Option 1: Dedicated SageMaker Endpoint

Instance: ml.m5.large ($0.115/hour)
Running 24/7: $0.115 × 24 × 30 = $82.80/month
Wasted capacity: Assuming requests are clustered in 8-hour work days, ~66% idle time.

Option 2: AWS Lambda

Requests: 100,000/day × 30 = 3,000,000/month
Duration: 500ms each
Memory: 2048 MB ($0.0000000167 per ms-GB)
Compute cost: 3M × 0.5s × 2GB × $0.0000000167 = $50.10
Request cost: 3M × $0.0000002 = $0.60
Total: $50.70/month (39% savings)

Option 3: Cloud Run

vCPU-seconds: 3M × 0.5s = 1.5M CPU-seconds
Memory-seconds: 3M × 0.5s × 2GB = 3M GB-seconds
Cost: (1.5M × $0.00002400) + (3M × $0.00000250) = $43.50
Total: $43.50/month (48% savings)

However, this analysis assumes zero cold starts. In reality, cold starts introduce latency penalties that may violate SLAs.

15.3.2 The Cold Start Problem: Physics and Mitigation

A “cold start” occurs when the cloud provider must provision a fresh execution environment.

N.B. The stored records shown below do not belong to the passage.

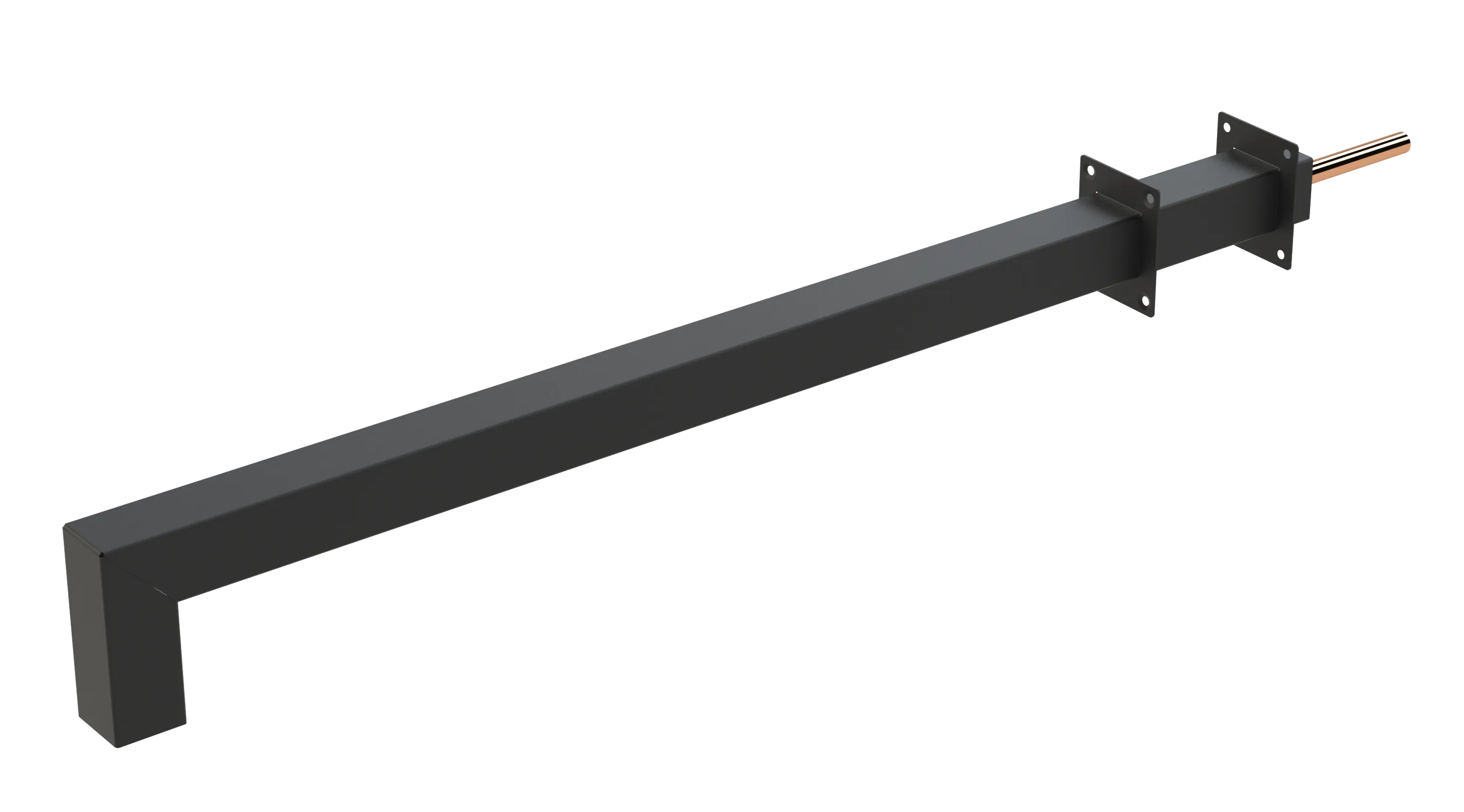 Autodose pipeline piping black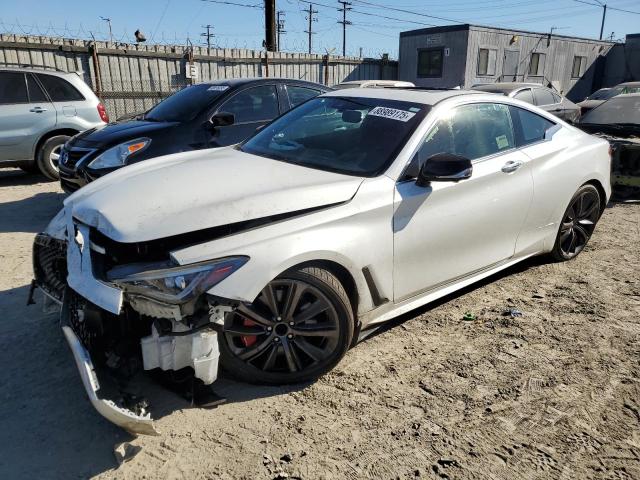 2022 Infiniti Q60 Red Sport 400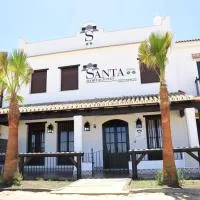 El Rocío में, होटल Hostal Rural Santa Habitaciones Aldea del Rocío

Understanding its anatomy is critical for optimization.

The Anatomy of a Cold Start

sequenceDiagram
    participant Client
    participant ControlPlane
    participant Worker
    participant Container

    Client->>ControlPlane: Invoke Function
    ControlPlane->>ControlPlane: Find available worker (100-500ms)
    ControlPlane->>Worker: Assign worker
    Worker->>Worker: Download container image (varies)
    Worker->>Container: Start runtime (1-5s)
    Container->>Container: Import libraries (2-10s)
    Container->>Container: Load model (5-60s)
    Container->>Client: First response (TOTAL: 8-76s)

Breakdown:

Placement (100-500ms): The control plane schedules the function on a worker node with available capacity.
Image Download (Variable):
- Lambda: Downloads layers from S3 to the execution environment.
- Cloud Run: Pulls the container image from Artifact Registry.
- Optimization: Use smaller base images and aggressive layer caching.
Runtime Initialization (1-5s):
- Lambda: Starts the Python/Node.js runtime.
- Cloud Run: Starts the container (depends on CMD/ENTRYPOINT).
Library Import (2-10s):
- import tensorflow alone can take 2-3 seconds.
- Optimization: Use lazy imports or pre-compiled wheels.
Model Loading (5-60s):
- Loading a 500MB model from S3/GCS.
- Deserializing weights into memory.
- Optimization: Bake model into the image or use a model cache.

Total Cold Start Time: For ML workloads, 8-76 seconds is typical for the first request after an idle period.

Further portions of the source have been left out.